Le Bronx après-guerre : un “patchwork de territoires ethniques imbriqués”
Née en 1935 dans le Bronx au sein d’une famille juive yiddishophone, Gornick décrit ce milieu populaire et tout particulièrement son immeuble où les familles vivent les unes sur les autres. Les hommes sont majoritairement absents : partis, morts ou au travail. Les femmes, pour la plupart tout juste débarquées d’Europe centrale, passent leur temps dans la cuisine de l’une ou de l’autre, s’interpellent depuis les coursives, s’entraident et cancanent.
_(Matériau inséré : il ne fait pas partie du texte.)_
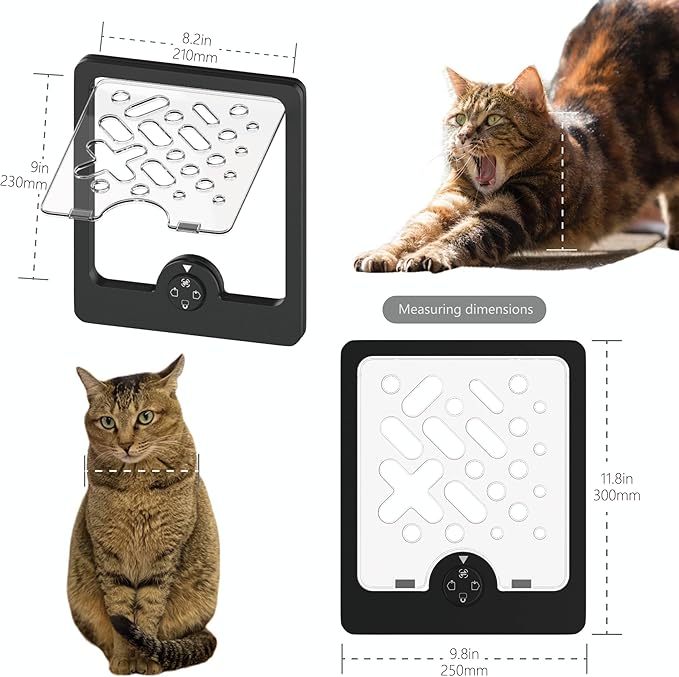 Cat Door,4-Way Locking Cat Door for Thin Materials - Adjustable Pet Door Flap fits Screens, Boxes & Carriers, 8x12 Inch Small Door for Crates, Litter Box Enclosures & DIY Pet Rooms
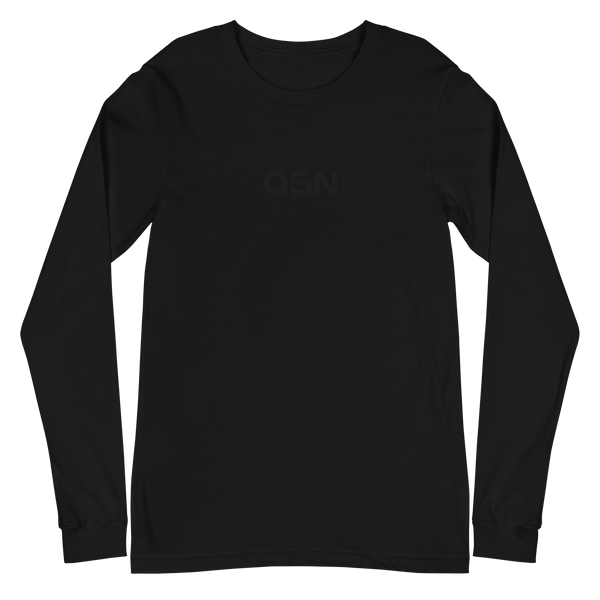 QSN Embroidered Unisex Long Sleeve Tee - Black Logo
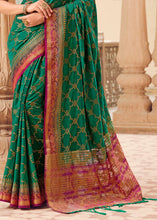 Load image into Gallery viewer, Pine Green Zari Butta Woven Raw Banarasi Silk Saree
Cette reconstitution du Bronx de l’immédiat après-guerre, “patchwork de territoires ethniques imbriqués”, donne un intérêt presque ethnographique au livre, tout en lui conférant la saveur d’un film en noir et blanc.
Vivian Gornick observe ces femmes qu’elle tire de l’oubli à travers les relations qu’elles entretiennent avec les hommes. Elle analyse leur degré d’indépendance, leur vision du sexe et du mariage. Et, parce qu’elle a dépassé la cinquantaine au moment où elle écrit ce livre, la journaliste est en mesure de se poser ces mêmes questions à propos de sa propre vie, mesurer ses erreurs et ses victoires, dresser sans complaisance, mais avec beaucoup d’humour, son autoportrait.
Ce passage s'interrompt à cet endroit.